Monday, July 12, 2010

ORDER ENTRY

I think there is too much and not enough discussion of order entry. I can and have talked about the mechanics of entering a buy or sell order with limits, stops, or at the market. Mechanics and definitions don’t do the art of order entry enough justice because they make it seem flat and lifeless. In reality order entry is dynamic.

I have seen over the years that most traders use market orders. This is the “get me in” or “get me out” now order. A market order in the wrong hands and if overused is not unlike the lever on the slot machine in Las Vegas. It’s the impulse buy while checking out at the grocery store. The psychology behind the most common use of market orders is little planning and even less trade and risk management.
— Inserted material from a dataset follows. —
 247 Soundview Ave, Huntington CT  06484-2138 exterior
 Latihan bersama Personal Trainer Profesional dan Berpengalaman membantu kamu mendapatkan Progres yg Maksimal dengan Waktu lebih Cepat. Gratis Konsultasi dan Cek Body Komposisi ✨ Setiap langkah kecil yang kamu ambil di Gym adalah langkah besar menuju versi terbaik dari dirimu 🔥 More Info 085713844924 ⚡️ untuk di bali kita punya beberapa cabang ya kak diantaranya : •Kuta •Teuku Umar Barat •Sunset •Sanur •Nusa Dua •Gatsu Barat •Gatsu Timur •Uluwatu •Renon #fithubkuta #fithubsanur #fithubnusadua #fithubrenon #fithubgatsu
Now I am not saying that all market orders are somehow misguided, but it’s usually only very skilled and disciplined traders that should use this order type with any frequency.

If a trade is planned ahead of time, before price triggers an entry, then it should be logical that if the trade is preconfirmed a few orders can be “parked” in the market. When I say “parked,” I am referring to pending orders such as limits and stops. These orders can be placed well ahead of time and handle the trade entry, risk-based stop loss, and initial profit target.

I don’t think at this point we need another discussion of what stop, limit, and market orders are. I think the main issue is why and how we place these orders. In fact, it’s really more about the job each one of these orders has. We only have three order types, but which we use has more to do with how we want to communicate our wishes to the market.